From page to screen, critic suggests the best of both

For weeks now, Lycoming Critic’s Corner has been using On the PULSE and social media to recommend worthy movies for quarantine viewing.

More recently, I was thinking I should suggest some decent books as well; but since this column is mostly for movies, I’m tying each one to a decent film version.

Here are a dozen page-and-screen pairings; in each case, both the movie and book are well worthwhile — yet different enough that you can enjoy each one separately without getting bored.

Kind of a two-for-one type thing.

(Note: Book titles are provided only if different from the film.)

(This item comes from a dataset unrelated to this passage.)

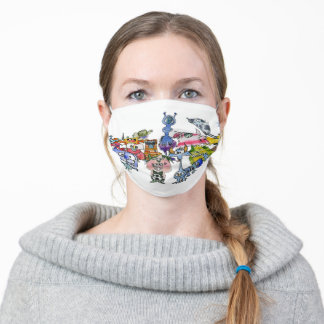 Niedlicher Mondschutz Mund-Nasen-Maske Aus Stoff
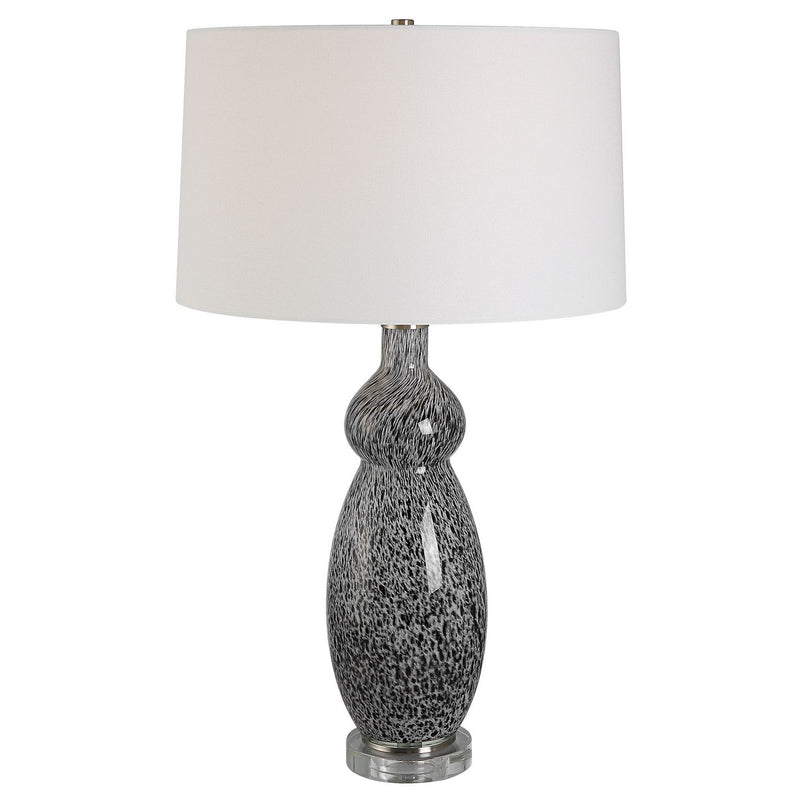 Uttermost - 30228 - One Light Table Lamp - Velino - Brushed Nickel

BLADE RUNNER (1982); book: “Do Androids Dream of Electric Sheep,” by Philip K. Dick

Having labored in obscurity for decades (he once wrote 16 books in five years), Dick suddenly achieved world-wide fame with Ridley Scott’s landmark sci-fi epic about a bounty hunter going after murderous androids. Sadly, when the film came out, Dick had recently passed away — but not before screening some footage. His response to the movie’s crew: “The environment is exactly as how I’d imagined it. How did you guys do that?” 

Plot-wise, the two versions are radically different, with Scott’s film blurring the line between humans and androids — whereas Dick insists there’s a clear distinction: human empathy.

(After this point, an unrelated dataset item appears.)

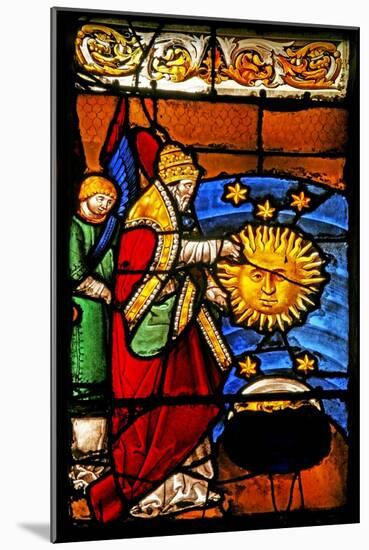 Window W2 Depicting the Creation of the Sun and Moon-null-Mounted Giclee Print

A CHRISTMAS STORY (1983); book: “In God We Trust: All Others Pay Cash,” by Jean Shepherd

Perennial holiday film-favorite about a boy who wants a BB gun for Christmas (“You’ll shoot your eye out, kid!”) is actually based on only a couple episodes from a rambling memoir by the talented humorist Jean Shepherd. This uproarious book about growing up in the Midwest does for fishing and the Fourth of July the same thing the movie does for Christmas. (The chapter on Ludlow Kissel and “the dago bomb” really needs to be read out loud.) Incidentally, that’s Shepherd himself reading the movie’s delicious voiceover narration.

MARY POPPINS (1964); book: “Mary Poppins,” by P. L. Travers

Starring Julie Andrews and Dick Van Dyke, the smash-hit Disney musical certainly helped bring more attention to Travers’s book series (she eventually wrote seven sequels, completing the last in 1988 at the age of 89); but the author herself never cared for the film or its sunny songs, feeling it softened Mary too much. Her long fight over how to film the book is chronicled somewhat fictitiously in 2013’s “Saving Mr. Banks,” with Emma Thompson as Travers and Tom Hanks as Walt Disney.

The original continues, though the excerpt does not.